Op die gronden ben ik zelf aanvankelijk een aanhanger geweest van een cordon sanitaire rondom de PVV in Nederland, hoewel ik wel begreep dat het geen gemakkelijke wijze van optreden zou zijn en een lange adem zou vergen. Dat had te maken met Wilders’ houding tegenover de rechtsstaat en zijn heimelijke ondergraving van democratische grondwaarden. Het had ook te maken met de groei van vervreemding van de Nederlandse maatschappij onder allen die hier sinds de jaren zestig vanuit andere landen waren komen werken en wonen. Nederland verloor in hun ogen immers de tolerantie waarmee zij altijd waren bejegend.
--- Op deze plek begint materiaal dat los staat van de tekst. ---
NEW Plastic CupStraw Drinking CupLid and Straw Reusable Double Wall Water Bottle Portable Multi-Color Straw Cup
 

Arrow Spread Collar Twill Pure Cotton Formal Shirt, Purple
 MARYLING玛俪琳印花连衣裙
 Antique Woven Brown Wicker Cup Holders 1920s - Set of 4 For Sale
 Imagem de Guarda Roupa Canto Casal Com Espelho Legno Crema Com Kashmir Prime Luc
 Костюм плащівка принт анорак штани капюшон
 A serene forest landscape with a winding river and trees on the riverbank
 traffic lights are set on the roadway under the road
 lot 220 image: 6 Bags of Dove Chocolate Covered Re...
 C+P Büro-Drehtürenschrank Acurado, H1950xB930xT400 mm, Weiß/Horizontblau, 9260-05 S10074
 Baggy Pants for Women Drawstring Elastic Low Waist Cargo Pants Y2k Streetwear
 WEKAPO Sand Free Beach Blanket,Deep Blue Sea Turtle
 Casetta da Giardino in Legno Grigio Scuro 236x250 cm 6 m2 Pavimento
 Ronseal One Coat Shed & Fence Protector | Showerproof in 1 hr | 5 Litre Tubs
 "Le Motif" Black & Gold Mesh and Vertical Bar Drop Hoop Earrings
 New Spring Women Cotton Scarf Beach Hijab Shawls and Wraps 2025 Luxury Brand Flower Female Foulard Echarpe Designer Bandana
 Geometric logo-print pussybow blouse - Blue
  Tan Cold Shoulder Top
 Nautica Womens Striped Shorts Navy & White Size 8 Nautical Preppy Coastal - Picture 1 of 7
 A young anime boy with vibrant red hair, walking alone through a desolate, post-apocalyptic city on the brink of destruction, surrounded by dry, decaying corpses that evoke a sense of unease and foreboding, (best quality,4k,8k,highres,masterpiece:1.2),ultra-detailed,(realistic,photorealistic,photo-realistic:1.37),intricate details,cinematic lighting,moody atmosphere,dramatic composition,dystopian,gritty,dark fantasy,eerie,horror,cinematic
Fortuyns LPF i bevond zich al in de gevarenzone, maar die hield er tenminste een volwassen opvatting op na over integratie van wie hier eenmaal was toegelaten.
Het was al spoedig duidelijk dat ik met dit standpunt zo ongeveer een ‘eenmansminderheid’ zou zijn in Nederland. Bovendien, elk pleidooi voor een cordon sanitaire verloor in Nederland al snel aan geloofwaardigheid, nadat in 2010 een serieuze poging was ondernomen om de PVV bij een coalitie van VVD en CDA te betrekken als gedoger, zoals het eerder ook al in Denemarken was gebeurd. Het is dan moeilijk te begrijpen om zeven jaar later, nadat de PVV min of meer als normale partij is behandeld in en door de Tweede en Eerste Kamer, alsnog een cordon sanitaire te bepleiten. Eerst legitimeren, desnoods tot afgrijzen van etnische minderheden in ons land, en dan alsnog principieel uitsluiten, dat is weer niet overtuigend duidelijk te maken aan de inmiddels verworven aanhang.
Wat wel kan is overtuigend duidelijk maken dat de opvattingen van de PVV en andere partijen zozeer van elkaar verschillen dat samenwerking in één coalitie niet mogelijk is. Dat kan maar het beste blijken in onderhandelingen tijdens de kabinetsformatie. Zo moet, telkens opnieuw en in telkens verschillende omstandigheden, vast komen te staan of samenwerking wel of niet mogelijk is.
Er is één troost: het cordon sanitaire is er wel degelijk, maar het is aangelegd en wordt zorgvuldig onderhouden door Wilders zelf.
-
1)Hans Goslinga in: Trouw/De Verdieping, 18 februari 2017, p.5
-
2)Prof. Jos de Mul, ‘Polder Wilders het kabinet in’, in: Trouw, bijlage Letter & Geest, 25 februari 2017, 5 – 7.
-
3)J.Th.J. van den Berg, ‘Verplichte figuren i’, column Parlement en Politiek, 3 februari 2017.